Kelsy will have the honor of going to Morocco with her beloved boyfriend, Jonathan, and seeing where he grew up and spending time with his parents. What a true gift Jonathan is to Kelsy and the rest of us are blessed to have both of them in our lives. I can't wait to see what God has in store for their lives.
Mekenna will be moving home. She has grown so much at the university she is attending now but her heart is telling her she needs to be home....and I don't question that at all and especially considering what we've been through. She wants to be with her family and spend time with Kori (before she graduates high school & goes who knows where) and simply be HOME. I admire her sense of adventure and spontaneity. Of course, she misses Travis, but once again, they will be together again when God says "it's time".
Kori is has blossomed into the most gorgeous butterfly and certainly "come out of her shell". Watching her lead our praise & worship for the youth in our church just blesses not only my heart but everyone who hears her sing and worship her Creator. She's amazing at 16.....I can only imagine what awesomeness will come from her by the time she's 40!

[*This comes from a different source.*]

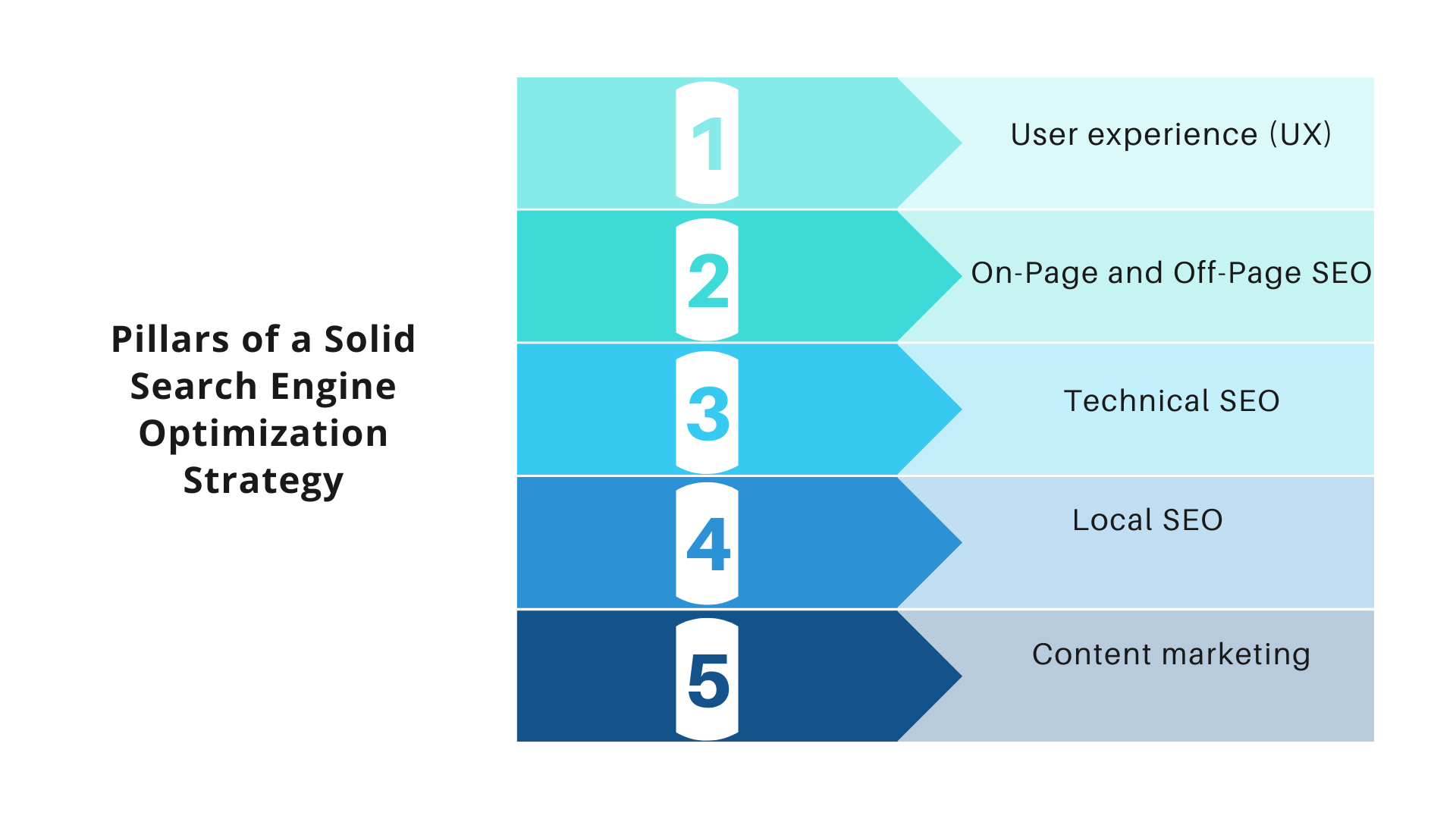 Pillars of SEO
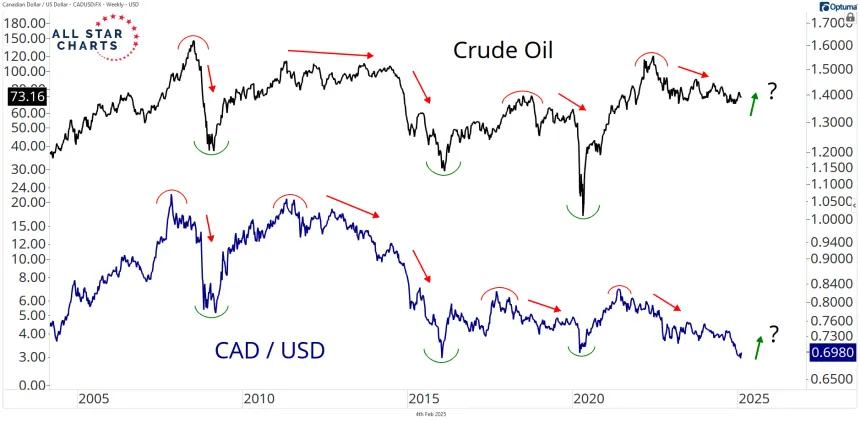 cadusd and crude oi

And now, in God's timing, I will be going to Armenia on a medical missions trip. I have always been passionate about missions but it has been hard to find the time & the money to go. Well, this trip was "given" to me....at JUST THE RIGHT TIME....God's timing. It won't cost me a dime and I get to go be a nurse and care for those people, all the while, loving them with the love of Christ. I dream about Maci going with me and how SHE would love them. She loved ALL people and wanted them to know the love of God. She would work hard at learning the basics of their language (just like she did with the Spanish children in her class), she would make them smile and bring joy to everyone she would come in contact with. I plan on doing the same. God knows my heart and the love I have inside of me. This trip is a part of my healing....it's perfect timing. God's timing.